Download full texts from NCBI Cloud Service

For remaining PMCIDs / PMIDs without full text, try downloading using NCBI Cloud Service.


# get list of pmcids with full text - author_manuscript available
# available in XML and plain text for text mining purposes.
aws s3 cp s3://pmc-oa-opendata/author_manuscript/txt/metadata/txt/author_manuscript.filelist.txt output/fulltexts/aws_locations/  --no-sign-request 

# get list of pmcids with full text - non-commercial use
# oa_noncomm 
aws s3 cp s3://pmc-oa-opendata/oa_noncomm/txt/metadata/txt/oa_noncomm.filelist.txt output/fulltexts/aws_locations/  --no-sign-request 

# get list of pmcids with full text, commercial list
# oa_comm
aws s3 cp s3://pmc-oa-opendata/oa_comm/txt/metadata/txt/oa_comm.filelist.txt output/fulltexts/aws_locations/  --no-sign-request 

# get list of pmcids with full text, commercial list
# oa_other
aws s3 cp s3://pmc-oa-opendata/oa_other/txt/metadata/txt/oa_other.filelist.txt output/fulltexts/aws_locations/  --no-sign-request 

Identify full texts already downloaded through European PMC

europeanpmc_full_texts <- 
list.files(here::here("output/fulltexts/europe_pmc"),
                  pattern = "\\.xml"
           )

# get pmcids of these files
europeanpmc_full_texts <-
  gsub("\\.xml$", 
       "", 
       europeanpmc_full_texts
       ) 

Get NCBI download paths for remaining full texts (where available)

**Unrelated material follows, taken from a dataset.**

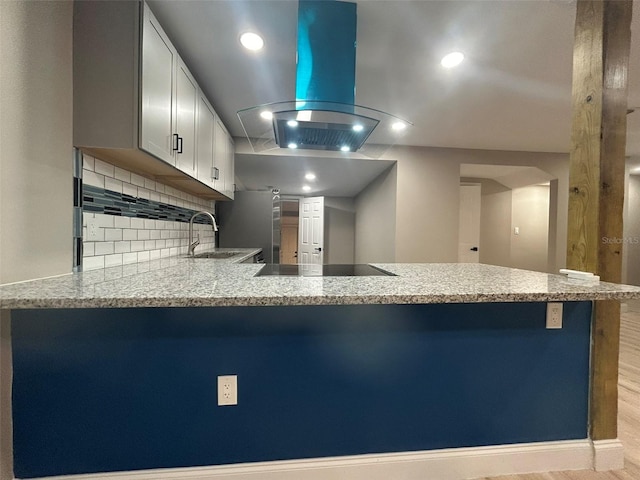 kitchen with island exhaust hood, black electric stovetop, white cabinetry, a sink, and a peninsula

left_over_pmcids = pmcids[!pmcids %in% europeanpmc_full_texts]

print("Number of remaining pmcids without full text:")
[1] "Number of remaining pmcids without full text:"
length(left_over_pmcids)
[1] 218
print("+ Number of pmids without pmcid mapping:")
[1] "+ Number of pmids without pmcid mapping:"
length(not_converted_pmids)
[1] 175
author_manu = data.table::fread(here::here("output/fulltexts/aws_locations/author_manuscript.filelist.txt"))

oa_noncomm = data.table::fread(here::here("output/fulltexts/aws_locations/oa_noncomm.filelist.txt"))

oa_comm = data.table::fread(here::here("output/fulltexts/aws_locations/oa_comm.filelist.txt"))

author_manu_to_get <-
author_manu |>
  dplyr::filter(AccessionID %in% left_over_pmcids | 
                PMID %in% not_converted_pmids)

print("Number of papers to download in Author Manuscripts section:")
[1] "Number of papers to download in Author Manuscripts section:"
nrow(author_manu_to_get)
[1] 136
oa_noncomm_to_get = 
oa_noncomm |>
  dplyr::filter(AccessionID %in% left_over_pmcids | 
                PMID %in% not_converted_pmids)

# remove any overlaps between sections
oa_noncomm_to_get <-
  oa_noncomm_to_get |>
  dplyr::filter(!c(PMID %in% author_manu_to_get$PMID))

print("Number of additional papers to download in the Non-commericial Open Access PMC section:")
[1] "Number of additional papers to download in the Non-commericial Open Access PMC section:"
nrow(oa_noncomm_to_get)
[1] 0
oa_comm_to_get = 
oa_comm |>
  dplyr::filter(AccessionID %in% left_over_pmcids |
                PMID %in% not_converted_pmids)

oa_comm_to_get <-
  oa_comm_to_get |>
  dplyr::filter(!c(PMID %in% author_manu_to_get$PMID)) |>
  dplyr::filter(!c(PMID %in% oa_noncomm_to_get$PMID))

# remove any overlaps between sections
print("Number of additional papers to download in the Commercial Open Access PMC section after removing overlaps with Author Manuscripts:")
[1] "Number of additional papers to download in the Commercial Open Access PMC section after removing overlaps with Author Manuscripts:"
nrow(oa_comm_to_get)
[1] 3
file_paths = 
c(oa_noncomm_to_get$Key,
  oa_comm_to_get$Key,
  author_manu_to_get$Key)

file_paths <- str_replace_all(file_paths,
                              pattern = "txt",
                              replacement = "xml")

writeLines(
  file_paths,
  here::here("output/fulltexts/aws_locations/selected_paths.txt")
)

Download remaining full texts from NCBI Cloud Service

system(
  paste(
    "xargs -I {} aws s3 cp",
    "s3://pmc-oa-opendata/{}",
    shQuote(here::here("output/fulltexts/ncbi_cloud/")),
    "--no-sign-request",
    "<",
    shQuote(here::here("output/fulltexts/aws_locations/selected_paths.txt"))
  )
)
# not_available = left_over_pmcids[!c(left_over_pmcids %in% 
#                                           c(oa_noncomm_to_get$AccessionID, 
#                                             oa_comm_to_get$AccessionID,
#                                             author_manu_to_get$AccessionID)
#                                           )]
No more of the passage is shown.